Ahmad Shah Durrani

Count Ossie (Oswald Williams, 1926 - 1976).

One of the first musicians rastas, this percussionnist of the group “ Mystic Revelation off Rastafari ” represents one of the symbols jamaïcains throughout the world.

With Prince Buster, it belongs to the artists who led to the emergence of the Ska, which is illustrated in the book Bass Culture.

Biography

Born in Bito (located near to Bull Bay, parish of Saint-Thomas) in March 1926, it is interested very quickly in the music and fact part of the brass band of the scouts, in which it plays of the drum and the fifre. At the beginning of the the Forties, his/her mother decides to settle in Rockfort (district is of Kingston), where it will pass its adolescence and will enter another Fanfare of scouts, " the Holy savior Troop" Cal;. Its passion for the drums and the discussions rastas often involves it in Salt Lane, in the west of Kingston.

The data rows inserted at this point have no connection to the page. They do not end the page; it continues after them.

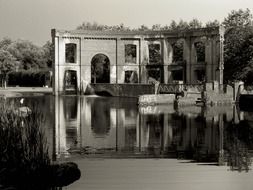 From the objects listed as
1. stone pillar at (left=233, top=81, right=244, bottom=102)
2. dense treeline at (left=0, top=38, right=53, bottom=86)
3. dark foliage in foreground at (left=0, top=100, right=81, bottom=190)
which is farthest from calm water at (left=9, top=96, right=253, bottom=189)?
dense treeline at (left=0, top=38, right=53, bottom=86)

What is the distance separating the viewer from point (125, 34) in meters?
51.4

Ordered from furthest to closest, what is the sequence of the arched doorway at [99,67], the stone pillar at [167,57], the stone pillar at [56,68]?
the arched doorway at [99,67] < the stone pillar at [167,57] < the stone pillar at [56,68]

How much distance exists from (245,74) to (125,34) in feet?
44.5

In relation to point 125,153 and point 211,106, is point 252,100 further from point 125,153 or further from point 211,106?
point 125,153

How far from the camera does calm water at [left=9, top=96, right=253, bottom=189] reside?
12727 millimetres

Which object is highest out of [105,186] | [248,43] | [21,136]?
[248,43]

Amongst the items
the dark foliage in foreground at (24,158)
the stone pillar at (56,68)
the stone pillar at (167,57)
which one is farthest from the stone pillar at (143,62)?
the dark foliage in foreground at (24,158)

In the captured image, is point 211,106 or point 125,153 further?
point 211,106

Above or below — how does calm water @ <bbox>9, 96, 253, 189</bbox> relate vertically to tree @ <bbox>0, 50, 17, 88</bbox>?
below

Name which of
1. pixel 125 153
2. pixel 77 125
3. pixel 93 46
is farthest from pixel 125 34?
pixel 125 153

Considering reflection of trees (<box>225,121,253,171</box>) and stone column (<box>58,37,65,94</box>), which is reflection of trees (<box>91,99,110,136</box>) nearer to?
reflection of trees (<box>225,121,253,171</box>)

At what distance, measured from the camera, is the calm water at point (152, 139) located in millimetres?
12727

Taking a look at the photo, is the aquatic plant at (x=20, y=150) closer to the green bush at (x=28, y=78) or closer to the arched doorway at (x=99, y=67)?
the arched doorway at (x=99, y=67)

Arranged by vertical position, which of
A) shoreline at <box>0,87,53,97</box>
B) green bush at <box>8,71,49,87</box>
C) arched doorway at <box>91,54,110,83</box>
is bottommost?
shoreline at <box>0,87,53,97</box>
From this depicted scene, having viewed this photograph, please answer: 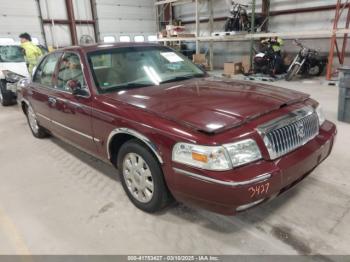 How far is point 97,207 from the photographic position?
2.51 meters

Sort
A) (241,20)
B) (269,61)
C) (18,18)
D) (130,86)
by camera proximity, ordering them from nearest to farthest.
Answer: (130,86)
(269,61)
(241,20)
(18,18)

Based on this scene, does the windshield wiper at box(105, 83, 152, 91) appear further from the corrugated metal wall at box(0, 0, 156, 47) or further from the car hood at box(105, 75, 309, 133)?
the corrugated metal wall at box(0, 0, 156, 47)

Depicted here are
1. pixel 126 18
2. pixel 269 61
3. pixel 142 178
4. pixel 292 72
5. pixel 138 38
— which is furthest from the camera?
pixel 138 38

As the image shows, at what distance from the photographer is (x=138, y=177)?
2.30 metres

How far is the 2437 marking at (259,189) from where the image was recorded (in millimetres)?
1696

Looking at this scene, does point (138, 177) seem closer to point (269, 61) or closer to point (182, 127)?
point (182, 127)

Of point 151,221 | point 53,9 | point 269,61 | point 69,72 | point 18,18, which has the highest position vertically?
point 53,9

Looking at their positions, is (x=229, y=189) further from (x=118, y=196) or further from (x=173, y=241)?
(x=118, y=196)

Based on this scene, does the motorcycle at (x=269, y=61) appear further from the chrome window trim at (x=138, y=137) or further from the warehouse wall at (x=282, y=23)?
the chrome window trim at (x=138, y=137)

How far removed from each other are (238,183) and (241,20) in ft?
30.8

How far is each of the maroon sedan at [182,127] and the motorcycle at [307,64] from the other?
5884 millimetres

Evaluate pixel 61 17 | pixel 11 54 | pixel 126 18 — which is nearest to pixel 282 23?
pixel 126 18

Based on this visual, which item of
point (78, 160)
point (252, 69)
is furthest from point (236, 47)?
point (78, 160)

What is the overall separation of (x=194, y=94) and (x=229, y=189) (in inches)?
37.8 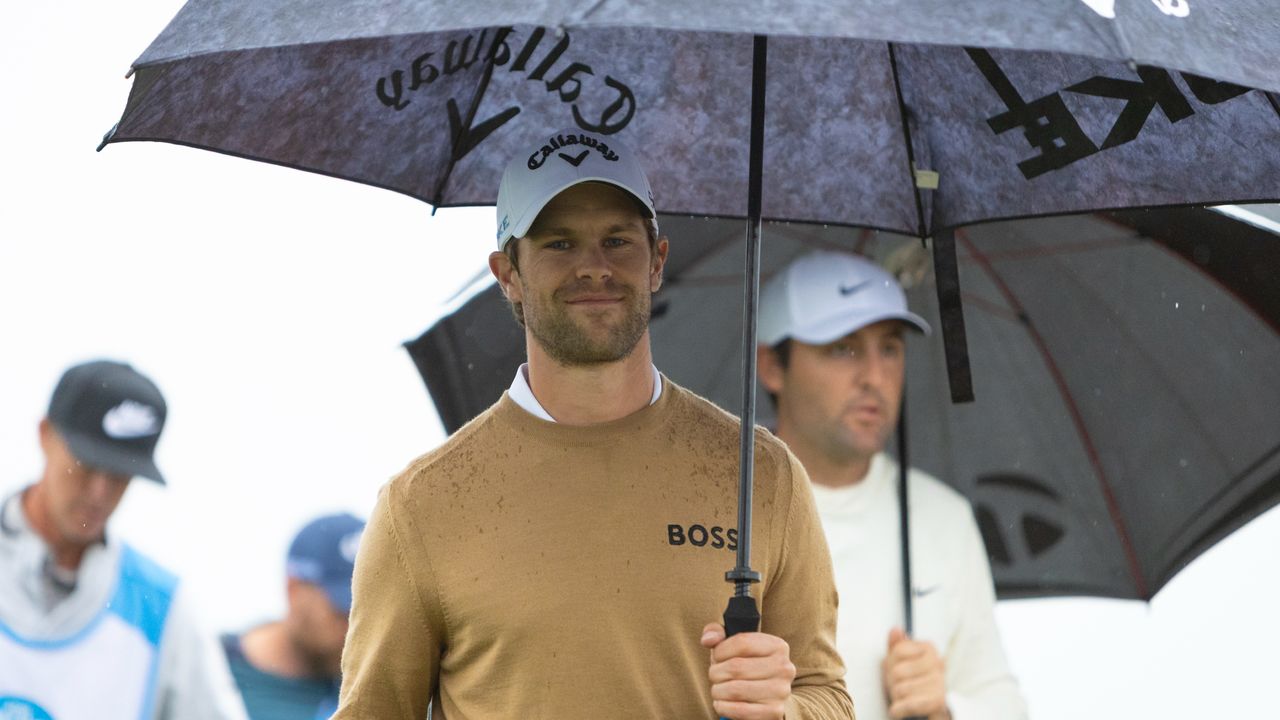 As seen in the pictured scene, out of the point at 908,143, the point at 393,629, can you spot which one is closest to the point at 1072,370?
the point at 908,143

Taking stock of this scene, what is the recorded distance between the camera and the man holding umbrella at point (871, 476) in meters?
4.26

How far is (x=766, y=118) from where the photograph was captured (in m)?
2.76

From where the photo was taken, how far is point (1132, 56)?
1.76 meters

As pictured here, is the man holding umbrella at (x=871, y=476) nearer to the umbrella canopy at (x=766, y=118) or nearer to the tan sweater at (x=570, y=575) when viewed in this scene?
the umbrella canopy at (x=766, y=118)

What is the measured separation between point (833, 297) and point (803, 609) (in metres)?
2.02

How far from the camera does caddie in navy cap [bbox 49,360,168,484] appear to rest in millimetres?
4559

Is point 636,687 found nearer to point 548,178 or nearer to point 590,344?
point 590,344

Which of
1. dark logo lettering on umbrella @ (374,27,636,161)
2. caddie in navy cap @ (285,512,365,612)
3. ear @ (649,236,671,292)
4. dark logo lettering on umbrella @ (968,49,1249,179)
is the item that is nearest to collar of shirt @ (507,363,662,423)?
ear @ (649,236,671,292)

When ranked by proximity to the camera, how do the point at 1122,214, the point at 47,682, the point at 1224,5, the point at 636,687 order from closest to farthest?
the point at 1224,5
the point at 636,687
the point at 1122,214
the point at 47,682

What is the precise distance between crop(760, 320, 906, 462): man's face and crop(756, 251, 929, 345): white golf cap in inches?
2.3

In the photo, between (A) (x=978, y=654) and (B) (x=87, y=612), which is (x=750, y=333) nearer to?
(A) (x=978, y=654)

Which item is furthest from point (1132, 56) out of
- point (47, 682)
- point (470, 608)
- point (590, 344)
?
point (47, 682)

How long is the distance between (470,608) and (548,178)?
569mm

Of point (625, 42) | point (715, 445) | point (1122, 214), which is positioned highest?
point (1122, 214) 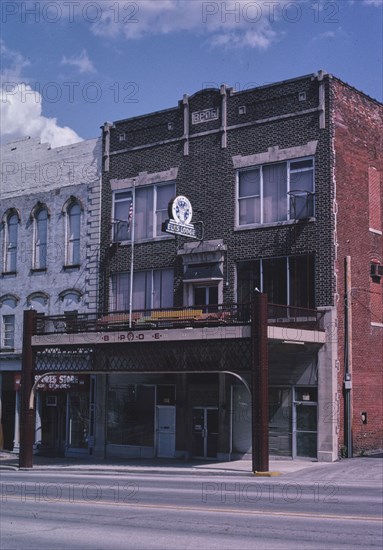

Towards the end of the year 1940, in the camp of Salt Lane, where finds itself in addition to the community rasta, the community Burru, Count Ossie, initiated by the Master drum Brother Job, thinks of a Musique which can be characteristic of the movement rastafarien and it was to take as a starting point the music of old Burrus which struck drums at the rate/rhythm of their heart and becomes thus the founder of the true music rasta: the Nyahbinghy .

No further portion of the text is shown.